##### LISTED RECORDS

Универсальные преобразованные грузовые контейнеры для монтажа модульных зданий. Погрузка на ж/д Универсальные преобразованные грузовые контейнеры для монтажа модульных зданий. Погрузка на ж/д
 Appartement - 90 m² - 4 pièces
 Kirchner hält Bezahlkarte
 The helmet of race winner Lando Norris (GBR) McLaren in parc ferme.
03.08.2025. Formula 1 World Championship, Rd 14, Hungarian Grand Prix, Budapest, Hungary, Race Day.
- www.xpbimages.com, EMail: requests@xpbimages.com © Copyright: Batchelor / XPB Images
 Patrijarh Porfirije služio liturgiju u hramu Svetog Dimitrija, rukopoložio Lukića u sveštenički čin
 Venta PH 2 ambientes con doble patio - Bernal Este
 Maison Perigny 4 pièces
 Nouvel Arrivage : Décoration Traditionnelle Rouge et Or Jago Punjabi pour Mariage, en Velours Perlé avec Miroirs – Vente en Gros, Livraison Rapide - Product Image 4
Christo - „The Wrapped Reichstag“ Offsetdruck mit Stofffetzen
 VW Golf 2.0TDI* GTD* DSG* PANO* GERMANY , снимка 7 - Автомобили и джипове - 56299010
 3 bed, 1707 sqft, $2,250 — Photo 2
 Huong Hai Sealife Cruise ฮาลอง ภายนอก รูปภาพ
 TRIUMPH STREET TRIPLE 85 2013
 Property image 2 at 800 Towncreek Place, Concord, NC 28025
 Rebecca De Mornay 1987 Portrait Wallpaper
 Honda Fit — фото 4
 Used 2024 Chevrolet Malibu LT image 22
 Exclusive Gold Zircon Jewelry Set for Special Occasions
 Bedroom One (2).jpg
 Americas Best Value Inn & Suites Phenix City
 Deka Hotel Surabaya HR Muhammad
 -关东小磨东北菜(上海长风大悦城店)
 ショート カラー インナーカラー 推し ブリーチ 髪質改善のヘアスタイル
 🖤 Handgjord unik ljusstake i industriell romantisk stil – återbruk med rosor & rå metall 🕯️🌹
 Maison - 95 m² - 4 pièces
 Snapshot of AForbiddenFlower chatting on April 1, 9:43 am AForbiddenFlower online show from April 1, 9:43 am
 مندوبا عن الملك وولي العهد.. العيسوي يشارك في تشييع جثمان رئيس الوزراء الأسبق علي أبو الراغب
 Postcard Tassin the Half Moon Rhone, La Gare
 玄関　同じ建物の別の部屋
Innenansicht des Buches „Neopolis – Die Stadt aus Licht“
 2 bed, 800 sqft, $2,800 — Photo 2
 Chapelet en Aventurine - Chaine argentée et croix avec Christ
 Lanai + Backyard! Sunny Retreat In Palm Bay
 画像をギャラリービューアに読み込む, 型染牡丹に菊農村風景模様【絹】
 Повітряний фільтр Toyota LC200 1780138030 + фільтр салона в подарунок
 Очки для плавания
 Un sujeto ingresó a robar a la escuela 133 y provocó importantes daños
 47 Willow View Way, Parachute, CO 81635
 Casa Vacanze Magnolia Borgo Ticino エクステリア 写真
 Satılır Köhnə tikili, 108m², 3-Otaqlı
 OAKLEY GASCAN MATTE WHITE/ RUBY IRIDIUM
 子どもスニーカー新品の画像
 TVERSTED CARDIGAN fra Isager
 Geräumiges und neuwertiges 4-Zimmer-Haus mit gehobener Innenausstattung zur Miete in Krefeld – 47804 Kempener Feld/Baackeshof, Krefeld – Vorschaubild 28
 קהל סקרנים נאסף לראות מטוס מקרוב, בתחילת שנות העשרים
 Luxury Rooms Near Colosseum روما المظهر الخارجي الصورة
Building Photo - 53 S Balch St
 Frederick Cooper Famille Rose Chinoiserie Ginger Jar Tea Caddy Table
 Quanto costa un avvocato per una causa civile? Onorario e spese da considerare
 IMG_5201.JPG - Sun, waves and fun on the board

##########

▶ _WHAT THIS TASK INVOLVES_
Give only the lines from the one holding "Очки для плавания" through the one holding "קהל סקרנים נאסף", each restated exactly as it appears above.

▶ _ANSWER TO THE EXERCISE_
 Очки для плавания
 Un sujeto ingresó a robar a la escuela 133 y provocó importantes daños
 47 Willow View Way, Parachute, CO 81635
 Casa Vacanze Magnolia Borgo Ticino エクステリア 写真
 Satılır Köhnə tikili, 108m², 3-Otaqlı
 OAKLEY GASCAN MATTE WHITE/ RUBY IRIDIUM
 子どもスニーカー新品の画像
 TVERSTED CARDIGAN fra Isager
 Geräumiges und neuwertiges 4-Zimmer-Haus mit gehobener Innenausstattung zur Miete in Krefeld – 47804 Kempener Feld/Baackeshof, Krefeld – Vorschaubild 28
 קהל סקרנים נאסף לראות מטוס מקרוב, בתחילת שנות העשרים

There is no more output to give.